И прежде чем поджечь, подъехали к нему императорский маршал, а с ним Клемов сын, в последний раз увещевая магистра жизнь свою во здравии сохранить и клятвенно отречься от учения своего и проповедей. Магистр же отвечал высоким и ясным голосом: «Бог свидетель, никогда я не учил тому и не проповедовал того, что мне несправедливо лжесвидетелями приписывается. Ибо первой целью моих проповедей, учения и сочинений и прочих всех деяний было только спасти людей от греха. И на правде этой, которую писал и проповедовал, которой учил я, взяв ее из закона Божьего и толкований святых докторов, готов с веселием умереть ныне…»
Услышав это, маршал и Клемов сын хлопнули в ладоши (дав знак для палачей) и отъехали в сторону. И палачи его (Гуса) тотчас подожгли (зажгли костер). И магистр Ян гласом великим запел: «Христос, Сын Бога живаго, помилуй нас!» И еще раз: «Христос, Сын Бога живаго, помилуй меня!» А в третий раз, когда пел: «Иже родился от Девы Марии», поднялся ветер 'И бросил ему пламя в лицо. Тогда он умолк, молясь про себя до тех пор, пока не испустил дух. А перед тем как умереть, тихо шевелил губами и качал головой, как человек, который скороговоркой три раза произносит: «Отче наш».
А когда вязанки дров, сгоревшие вокруг него, рассыпались, а тело еще на колу за шею держалось, будучи привязано цепью, тогда палачи, палками повалив тело вместе с колом в огонь, еще гораздо больше дров подбросили и, обходя кругом, кости палкой разбивали, чтобы быстрее горели. А найдя голову, палкой ее развалили. А сердце, найдя среди внутренностей, палку заостривши, особо на палку ту насадили. Сжигая его на сем вертеле, еще палкой били. Тем временем палач одежду его (Гуса) держал, а Клемов сын, узнав, что сия одежда магистра, приказал ему со всем прочим, что там было от Гуса, с кафтаном и с поясом в огонь бросить, говоря: «Чехи это святыней сочтут и почитать станут»; палачу же обещал сам заплатить [34].
Сжегши все дотла, весь пепел с землею вместе довольно глубоко выкопали, на тележку насыпали и бросили в Рейн, текущий поблизости, желая память о нем навеки — поскольку это в их силах — изгладить из сердец его верных».
ГЛАВА 19
ПОБЕДИВШИЙ СМЕРТЬ
Как безрассудны были те, кто приказал уничтожить всякий материальный след Гуса, чтобы чехи не могли унести с собой в память о нем даже горсть пепла! Великие люди — творцы, связавшие свою жизнь, свое дело и борьбу свою с судьбами своих современников, не могут исчезнуть, они не умирают, когда смерть разрушает их тело. Их вклад в дело будущего живет вечно, и его нельзя уничтожить. Уже во времена сожжения Гуса ревностным отцам Констанцского собора пришлось бы сжечь все Чешское королевство, чтобы искоренить идеи Гуса, ибо он по-прежнему жил в сердцах и в памяти всех тех, кто когда-либо слушал или читал его. Слова его не умолкли и по-прежнему звали к борьбе.
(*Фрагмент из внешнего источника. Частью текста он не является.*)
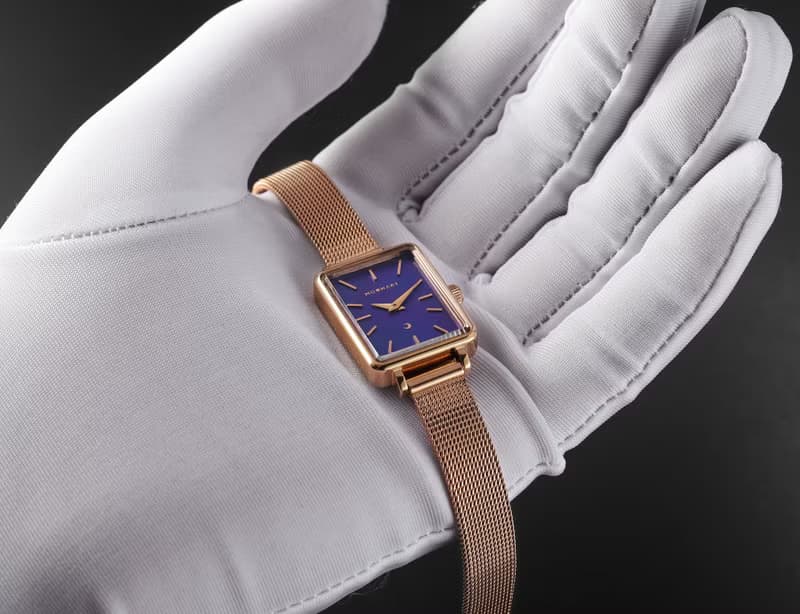 【MOONART】方型手錶 藝月系列-紫雨+ 女裝手錶 珍珠貝藝術手錶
Процесс Гуса представлял собою лишь незначительный эпизод в ходе всего собора. И даже те, кто понимал, насколько опасен Гус, рассматривали все дело лишь как случай проявления ереси, которую нужно любой ценой устранить, как, впрочем, и всякую ересь вообще. На первый план интересов и действий собора выдвигались заботы и проблемы гораздо большего европейского и даже мирового значения. Но вскоре стало ясно, что эпизод с чешским «еретиком» Гусом по своим серьезным последствиям затмил все эти «всемирно-исторические проблемы».